R-package/vignettes/ndarrayAndSymbolTutorial.Rmd - mxnet-test - Git at Google

 MXNet R Tutorial on NDArray and Symbol
 ======================================

 This vignette gives a general overview of MXNet"s R package.  MXNet contains a
 mixed flavor of elements to bake flexible and efficient
 applications. There are two major concepts introduced in this tutorial.

 * [NDArray](#ndarray-numpy-style-tensor-computations-on-cpus-and-gpus)
   offers matrix and tensor computations on both CPU and GPU, with automatic
   parallelization
 * [Symbol](#symbol-and-automatic-differentiation) makes defining a neural
   network extremely easy, and provides automatic differentiation.

 ## NDArray: Vectorized tensor computations on CPUs and GPUs

 `NDArray` is the basic vectorized operation unit in MXNet for matrix and tensor computations.
 Users can perform usual calculations as on R"s array, but with two additional features:

 1.  **multiple devices**: all operations can be run on various devices including
 CPU and GPU
 2. **automatic parallelization**: all operations are automatically executed in
    parallel with each other

 ### Create and Initialization

 Let"s create `NDArray` on either GPU or CPU

 ```{r}
 require(mxnet)
 a <- mx.nd.zeros(c(2, 3)) # create a 2-by-3 matrix on cpu
 b <- mx.nd.zeros(c(2, 3), mx.cpu()) # create a 2-by-3 matrix on cpu
 # c <- mx.nd.zeros(c(2, 3), mx.gpu(0)) # create a 2-by-3 matrix on gpu 0, if you have CUA enabled.
 ```

 As a side note, normally for CUDA enabled devices, the device id of GPU starts from 0.
 So that is why we passed in 0 to GPU id. We can also initialize an `NDArray` object in various ways:

 ```{r}
 a <- mx.nd.ones(c(4, 4))
 b <- mx.rnorm(c(4, 5))
 c <- mx.nd.array(1:5)
 ```

 To check the numbers in an `NDArray`, we can simply run

 ```{r}
 a <- mx.nd.ones(c(2, 3))
 b <- as.array(a)
 class(b)
 b
 ```

 ### Basic Operations

 #### Elemental-wise operations

 You can perform elemental-wise operations on `NDArray` objects:

 ```{r}
 a <- mx.nd.ones(c(2, 4)) * 2
 b <- mx.nd.ones(c(2, 4)) / 8
 as.array(a)
 as.array(b)
 c <- a + b
 as.array(c)
 d <- c / a - 5
 as.array(d)
 ```

 If two `NDArray`s sit on different devices, we need to explicitly move them
 into the same one. For instance:

 ```{r, eval=FALSE}
 a <- mx.nd.ones(c(2, 3)) * 2
 b <- mx.nd.ones(c(2, 3), mx.gpu()) / 8
 c <- mx.nd.copyto(a, mx.gpu()) * b
 as.array(c)
 ```

 #### Load and Save

 You can save a list of `NDArray` object to your disk with `mx.nd.save`:

 ```{r}
 a <- mx.nd.ones(c(2, 3))
 mx.nd.save(a, "temp.ndarray")
 ```

 You can also load it back easily:

 ```{r}
 a <- mx.nd.load("temp.ndarray")
 as.array(a[[1]])
 ```

 In case you want to save data to the distributed file system such as S3 and HDFS,
 we can directly save to and load from them. For example:

 ```{r,eval=FALSE}
 mx.nd.save(list(a), "s3://mybucket/mydata.bin")
 mx.nd.save(list(a), "hdfs///users/myname/mydata.bin")
 ```

 ### Automatic Parallelization

 `NDArray` can automatically execute operations in parallel. It is desirable when we
 use multiple resources such as CPU, GPU cards, and CPU-to-GPU memory bandwidth.

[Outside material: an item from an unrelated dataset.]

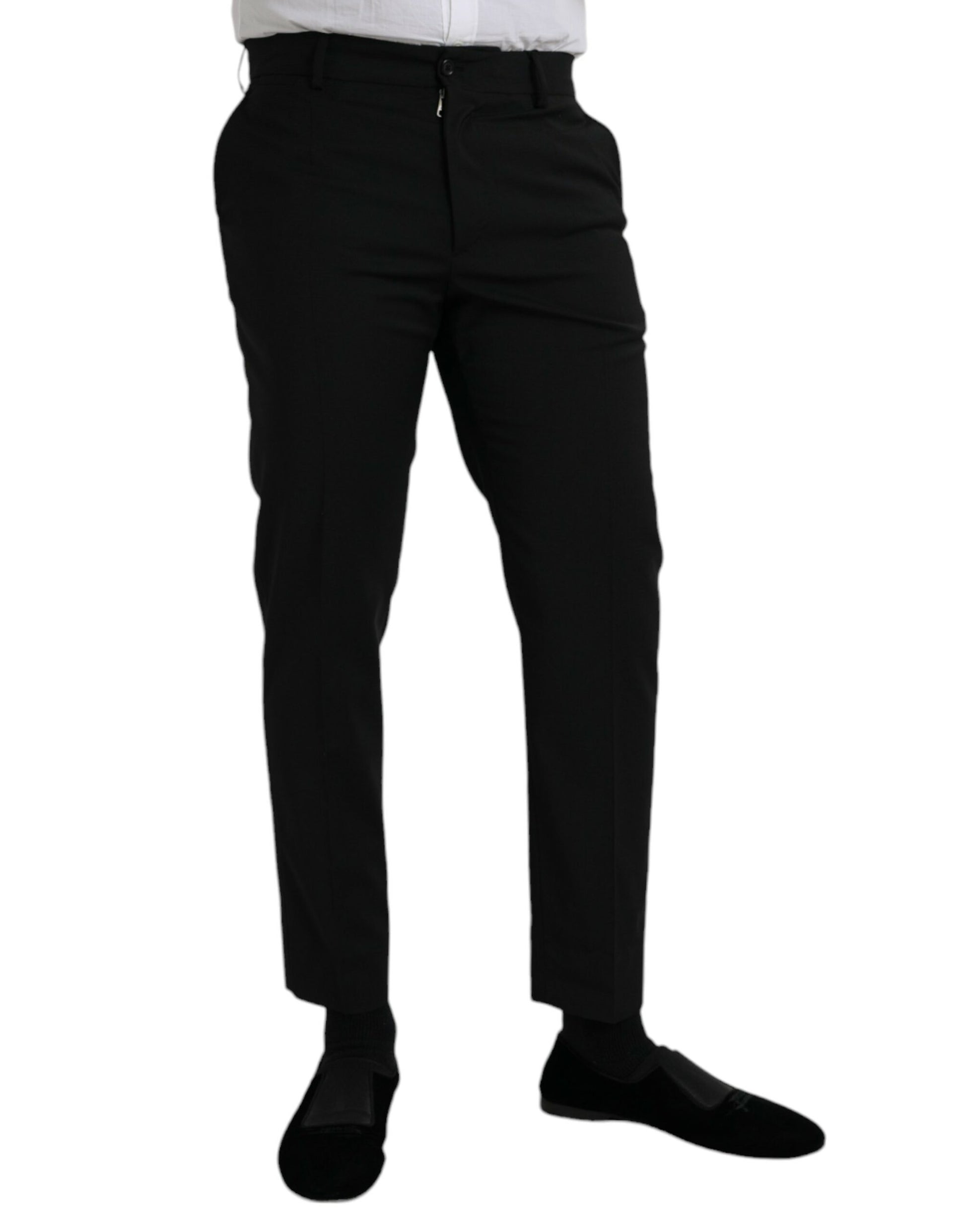 A pair of black wool slim-fit dress pants from Dolce & Gabbana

 For example, if we write `a <- a + 1` followed by `b <- b + 1`, and `a` is on CPU while
 `b` is on GPU, then want to execute them in parallel to improve the
 efficiency. Furthermore, data copy between CPU and GPU are also expensive, we
 hope to run it parallel with other computations as well.

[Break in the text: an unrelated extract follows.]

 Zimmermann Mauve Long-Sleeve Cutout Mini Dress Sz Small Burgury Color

 However, finding the codes can be executed in parallel by eye is hard. In the
 following example, `a <- a + 1` and `c <- c * 3` can be executed in parallel, but `a <- a + 1` and
 `b <- b * 3` should be in sequential.

 ```{r}
 a <- mx.nd.ones(c(2,3))
 b <- a
 c <- mx.nd.copyto(a, mx.cpu())
 a <- a + 1
 b <- b * 3
 c <- c * 3
 ```

 Luckily, MXNet can automatically resolve the dependencies and
 execute operations in parallel with correctness guaranteed. In other words, we
 can write program as by assuming there is only a single thread, while MXNet will
 automatically dispatch it into multi-devices, such as multi GPU cards or multi
 machines.

 It is achieved by lazy evaluation. Any operation we write down is issued into a
 internal engine, and then returned. For example, if we run `a <- a + 1`, it
 returns immediately after pushing the plus operator to the engine. This
 asynchronous allows us to push more operators to the engine, so it can determine
 the read and write dependency and find a best way to execute them in
 parallel.

 The actual computations are finished if we want to copy the results into some
 other place, such as `as.array(a)` or `mx.nd.save(a, "temp.dat")`. Therefore, if we
 want to write highly parallelized codes, we only need to postpone when we need
 the results.

 ## Symbol and Automatic Differentiation

 WIth the computational unit `NDArray`, we need a way to construct neural networks. MXNet provides a symbolic interface named Symbol to do so. The symbol combines both flexibility and efficiency.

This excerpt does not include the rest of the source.